I was quite suprised when I couldn't find any trace of it online after running across it simply by chance on the Russian Ogoniek site. So I decided to give it my best shot at translating it to English for the benefit of the Western readership. Please excuse imperfectness of my translation as I thought it was more important to get out with it before the readers of my www.iplayoochess.com blog and wider chess public.
Thanks again for letting more people see the harsh chess truths. As Somebodysson put it, it might help get us out of the dungeons of the current chess System; the one giving few to profit and cash in, while the rest of us are watching utterly boring and unappealing "chess."
And one more thing, we all would like to hear from you m-o-r-e!


thanks batgirl. Its a beautiful interview, not gloomy. Its optimistic, about the possibility of chess being taken by chessplayers to a new heyday of romantic creativity. Not by the professionals; but the amateurs.
This interview also helps me articulate why I hated a recent conversation on chess forums about how chess improves intellect; I could only tell jokes on the forum; I couldn't take any of it seriously. As if people should play chess because its 'good for them' like a vitamin. Take some vitamin C, walk twenty minutes, and do a half hour of chess a day and you won't get Alzheimers. Oh bother!
batgirl, keep pushing your romantic chess agenda. You have good company, and you know who your company is better than I do, the 19th century romantics and a few 20th c. romantics and dissidents.

Batgirl, great to see you back. And thanks immensely for bringing out the forgotten 2003 Bronstein interview to the spotlight. The legendary Devik (that's how the family called him) got us to face up some unpleasant truths about modern chess.
I was quite suprised when I couldn't find any trace of it online after running across it simply by chance on the Russian Ogoniek site. So I decided to give it my best shot at translating it to English for the benefit of the Western readership.
beautiful Momir. Thank you for translating it. Don't worry about the translation; its excellent. Remember, we're not going for perfection; we're interested in the spirit, and you captured it beautifully.
Guy sounds like an oddball.
He wants romance - looks for it in chess - and can't find it? (Except, conceivably, in his own play.)
I suspect he would have found no romance in to-day's World Championship game. Sad.
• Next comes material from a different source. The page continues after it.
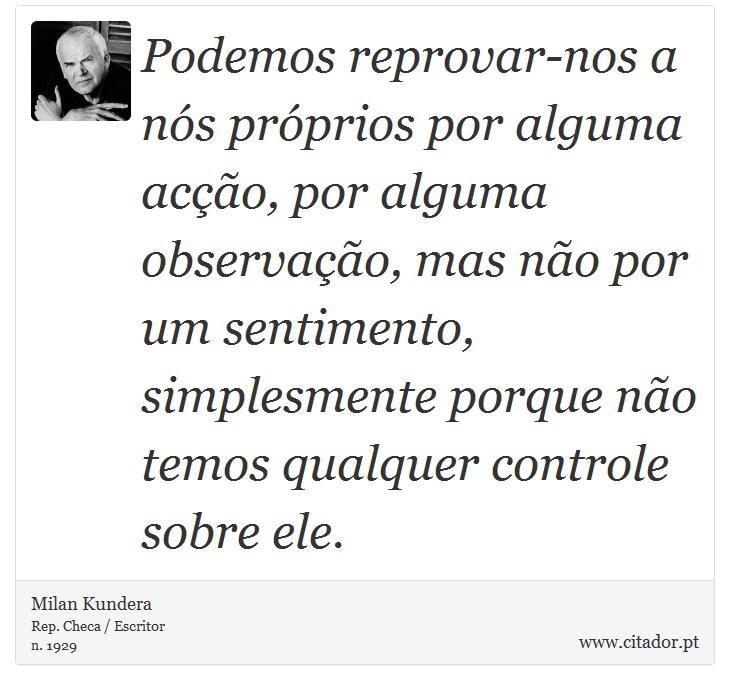 Podemos reprovar-nos a nós próprios por alguma acção, por alguma observação, mas não por um sentimento, simplesmente porque não temos qualquer controle sobre ele. - Milan Kundera - Frases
I like the way Bronstein played chess. 200 Open Games is a good book and Zurich International Chess Tournament 1953 is one of the best chess books ever written.
Wonderful, entertaining book full of lively, sharp games.

You are nuts. He married a wife that was 30 years younger and stayed loyal to his beliefs and character against the tide. It is normal to get the help of a real writer and that is not relevant at all.

This video is a must watch for Bronstein fans. Yasser Seirawan recounts a story about Bronstein that gives some very interesting insights into how Bronstein approaches his game
http://www.youtube.com/watch?v=SAymAaV92qk

Should we mention that Boris Vainstein, pres. of the Soviet Chess Fed., was also a high ranking KGB officer and that, while Bronstein later revealed (unprovoked) that Vainstein wrote much of the text, Bronstein himself completed all the analysis?
I recently read this interview with David Bronstein.
I always suspected that my own view of chess is somewhat different than that of most people. I was not just surprised but in a way relieved to see that Bronstein expressed a similar view (on a much higher level).